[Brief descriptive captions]
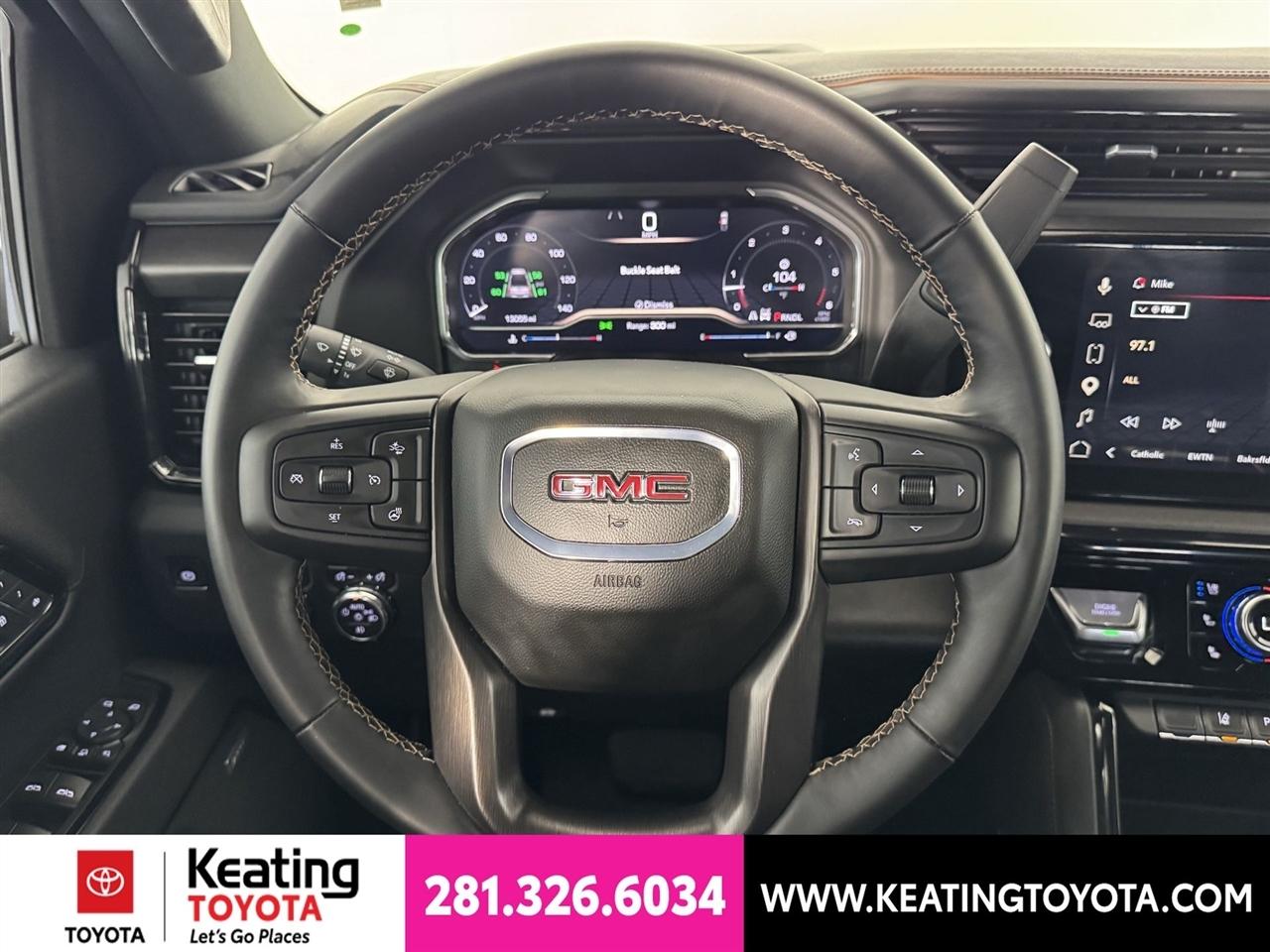 GMC Sierra 2500HD AT4 Crew Cab 4WD 2025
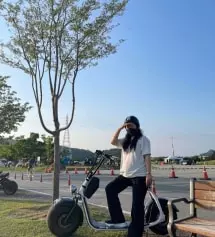 허벅지에 맞춰 사려다 보니 사이즈를 좀 크게 샀는데 생각했던 것 보다 바지 사이즈 자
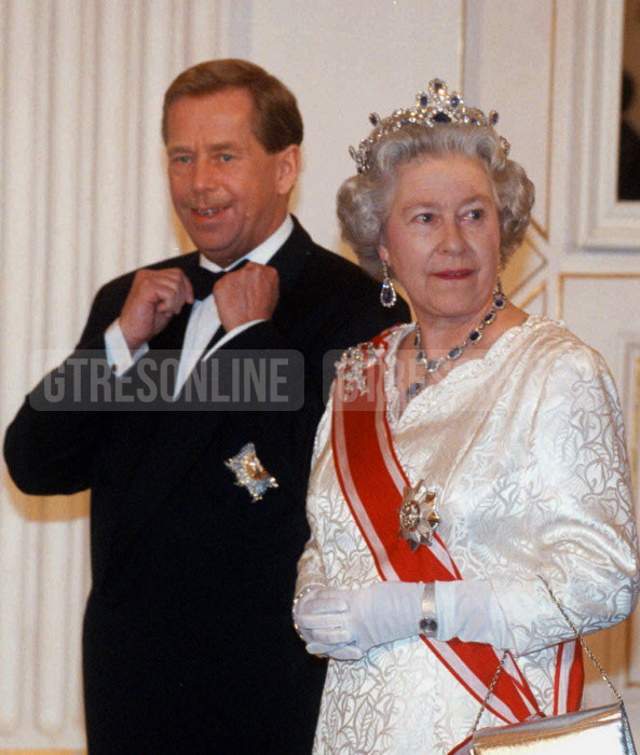 Isabel II con el presidente de la República Checa de entonces, en la sala española del Castillo de Praga en 1996.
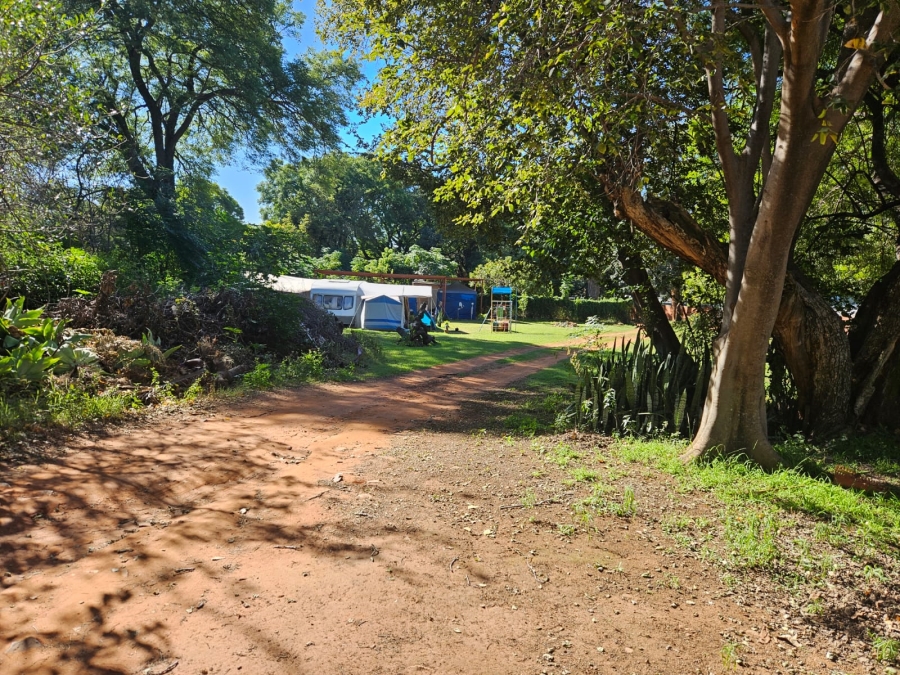 14 Bedroom Property for Sale in Vissershoek AH Gauteng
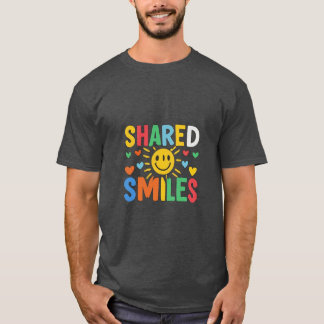 Design de Camisa T de Sorriso Compartilhado - Expr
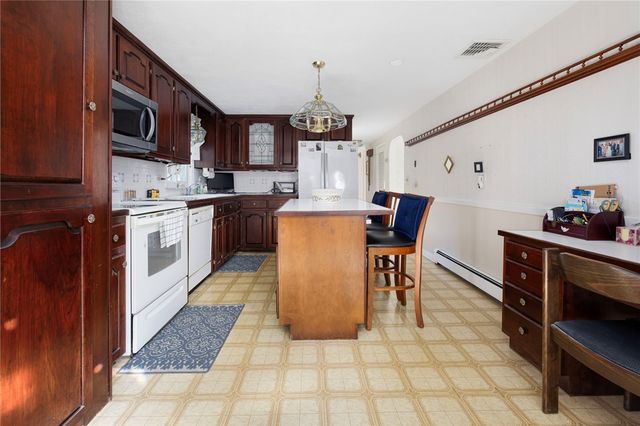 39 Holiday Avenue, Warwick, RI 02888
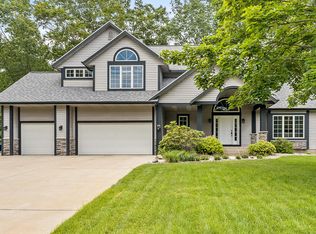 18716 Sioux Dr, Spring Lake, MI 49456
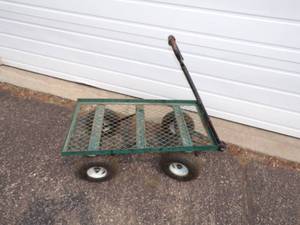 lot 22 image: Small Garden Cart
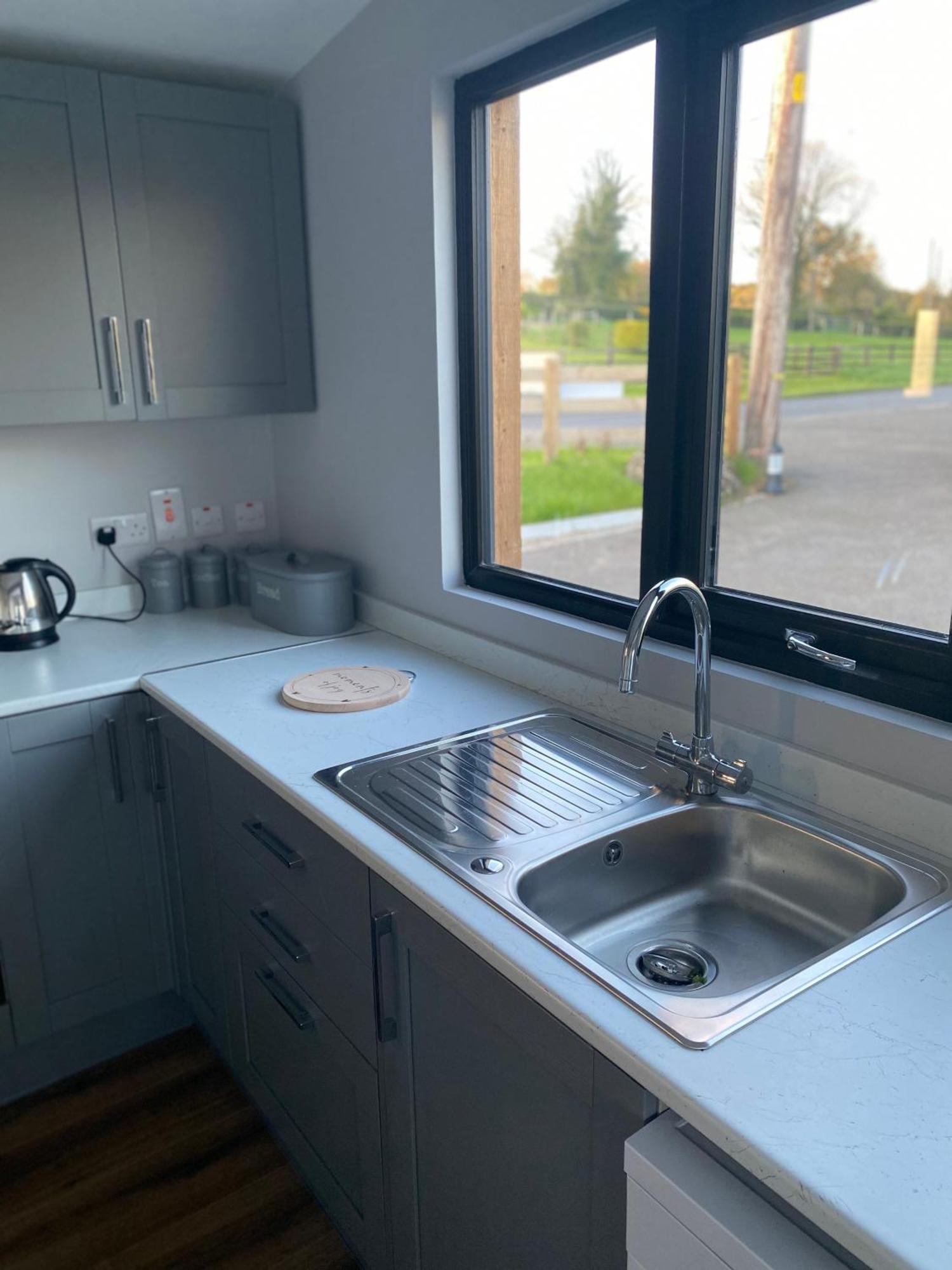 Killyfole Lakeside Lodges Corranny Exteriér fotografie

TASK ITEM:
Drop the images, then copy the data exactly.

TASK ANSWER:
 GMC Sierra 2500HD AT4 Crew Cab 4WD 2025
 허벅지에 맞춰 사려다 보니 사이즈를 좀 크게 샀는데 생각했던 것 보다 바지 사이즈 자
 Isabel II con el presidente de la República Checa de entonces, en la sala española del Castillo de Praga en 1996.
 14 Bedroom Property for Sale in Vissershoek AH Gauteng
 Design de Camisa T de Sorriso Compartilhado - Expr
 39 Holiday Avenue, Warwick, RI 02888
 18716 Sioux Dr, Spring Lake, MI 49456
 lot 22 image: Small Garden Cart
 Killyfole Lakeside Lodges Corranny Exteriér fotografie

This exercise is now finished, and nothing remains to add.